Explanation: if x is a constant expression, then multiplying it by zero yields a constant 0, and casting a constant 0 to void* makes a null pointer constant. And the ternary expression, if one of its sides is a null pointer constant, collapses to the type of the other side (thus the type of the returned pointer will be int*, and the sizeof will match). And if x was not constant, then the lefthand side would not be considered a null pointer constant by type inference, the type of the ternary expression will be void*, and the sizeof check will not match.

With a few more clever tricks, it's even possible to implement a compile-time "type ternary expression", like this: TYPE_IF(2 * 2 == 4, int, long). This is left as an exercise for the reader.

amelius•10mo ago
This reminds me of the days when Boost was a thing. It was full of tricks like this.
usrnm•10mo ago
It still is a thing, though.
cperciva•10mo ago
With a few more clever tricks...

I did this with my PARSENUM macro (https://github.com/Tarsnap/libcperciva/blob/master/util/pars...) to parse strings into floating-point, unsigned integer, or signed integer types (and check bounds) using a single interface.

bobbyi•10mo ago
I thought this would work:

#define C(x) (sizeof(char[x]), x)

sizeof is a compile-time operation so x need to be known at compile time.

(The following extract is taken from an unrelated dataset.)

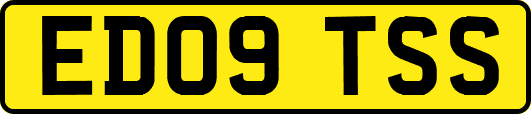 ED09TSS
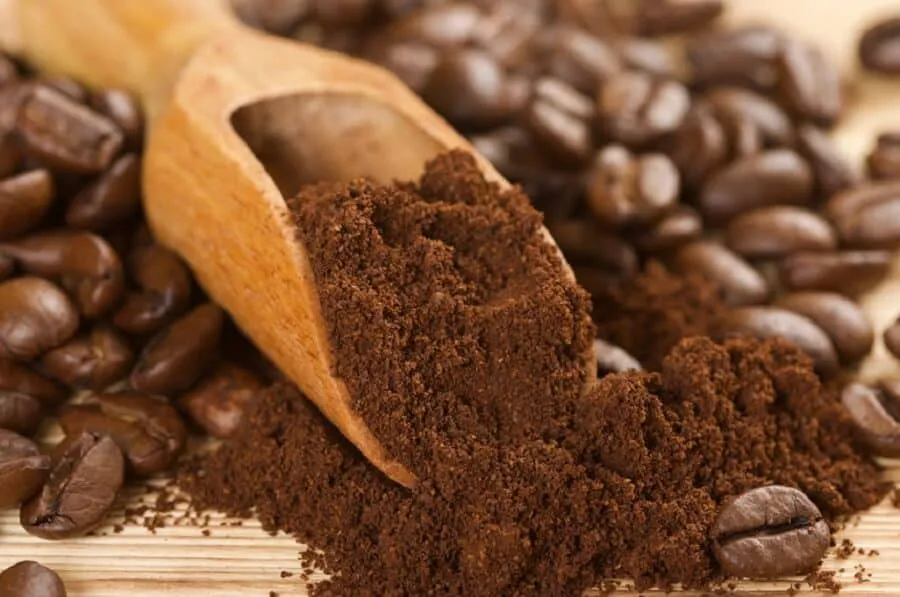 Tỉ lệ phối trộn Harmony Blend giúp tạo ra ly cà phê cân bằng hoàn hảo về độ chua và độ đậm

It didn't work as expected. It turns out there is an exception and the standard says that sizeof is actually calculated at runtime specifically for variable length arrays:

> The sizeof operator yields the size (in bytes) of its operand, which may be an expression or the parenthesized name of a type. The size is determined from the type of the operand. The result is an integer. If the type of the operand is a variable length array type, the operand is evaluated; otherwise, the operand is not evaluated and the result is an integer constant.